■ Provided records ■

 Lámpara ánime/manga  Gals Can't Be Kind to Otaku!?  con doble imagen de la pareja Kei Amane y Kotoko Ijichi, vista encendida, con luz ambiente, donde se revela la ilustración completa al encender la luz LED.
==
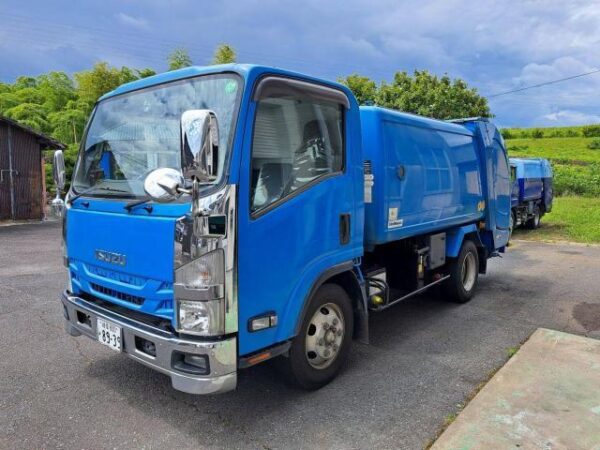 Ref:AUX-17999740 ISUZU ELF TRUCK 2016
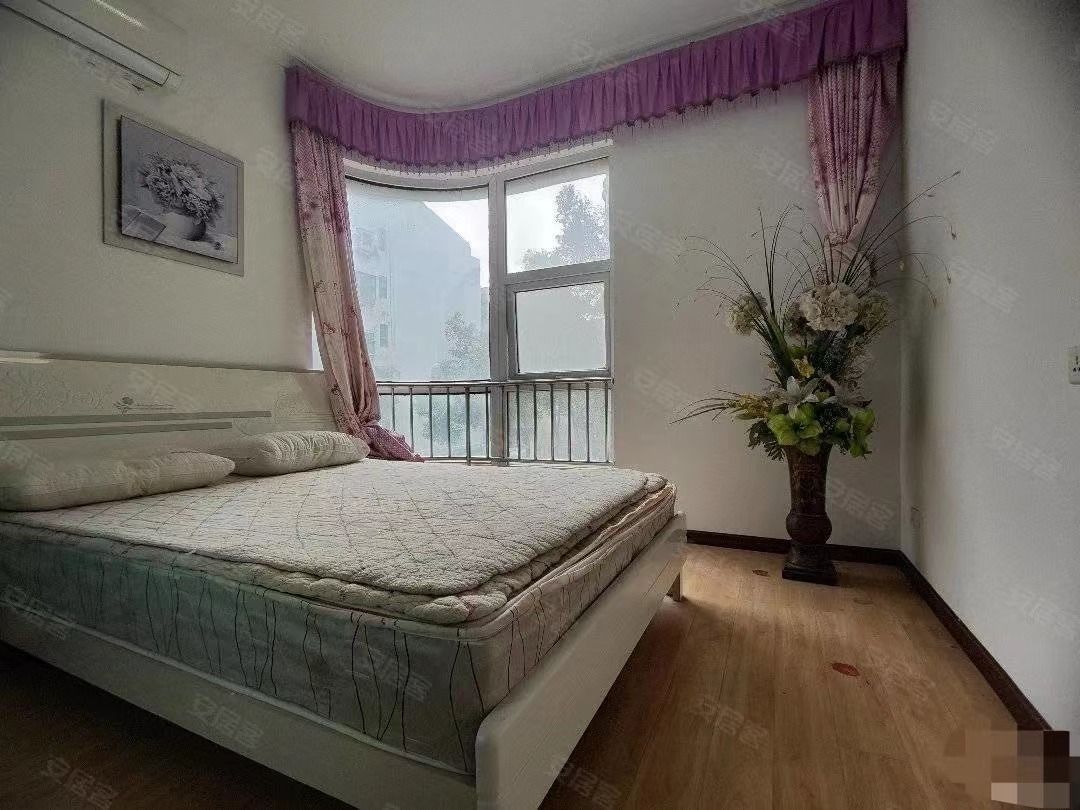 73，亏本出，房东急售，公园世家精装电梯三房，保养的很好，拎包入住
* * *
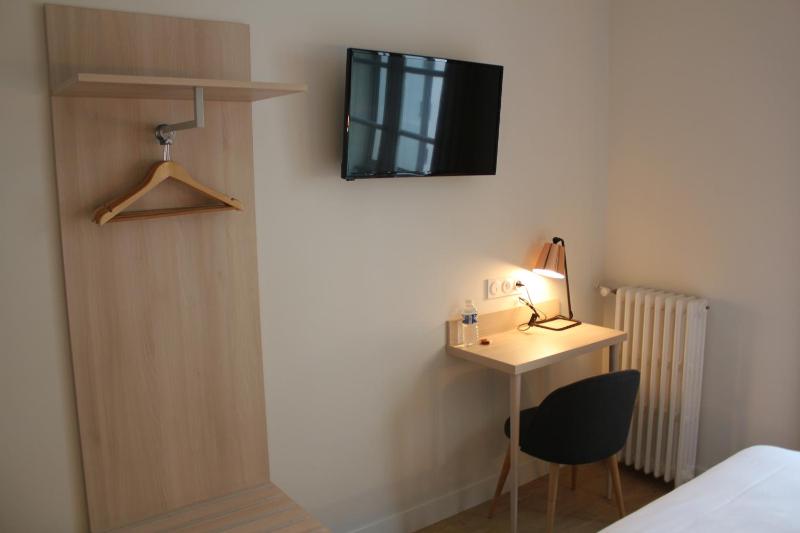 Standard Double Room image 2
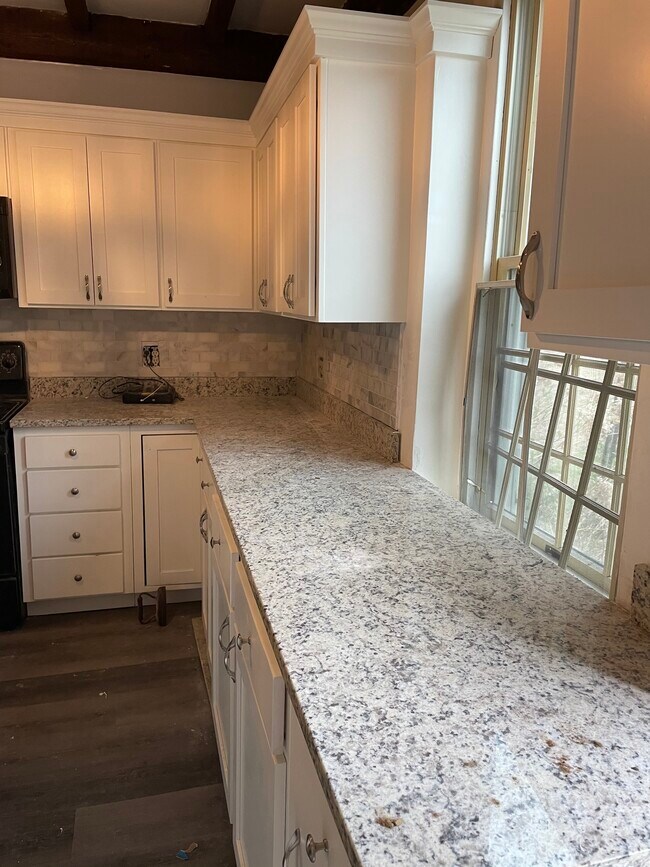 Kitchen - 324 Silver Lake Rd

■ Work to be completed ■
Look above and copy only the lines from the one holding "Ref:AUX-17999740 ISUZU ELF TRUCK 2016" to the one holding "73，亏本出，房东急售，公园世家精装电梯三房，保养的很好，拎包入住", both included, exactly, minus the pictures.

■ Response to this exercise ■
 Ref:AUX-17999740 ISUZU ELF TRUCK 2016
 73，亏本出，房东急售，公园世家精装电梯三房，保养的很好，拎包入住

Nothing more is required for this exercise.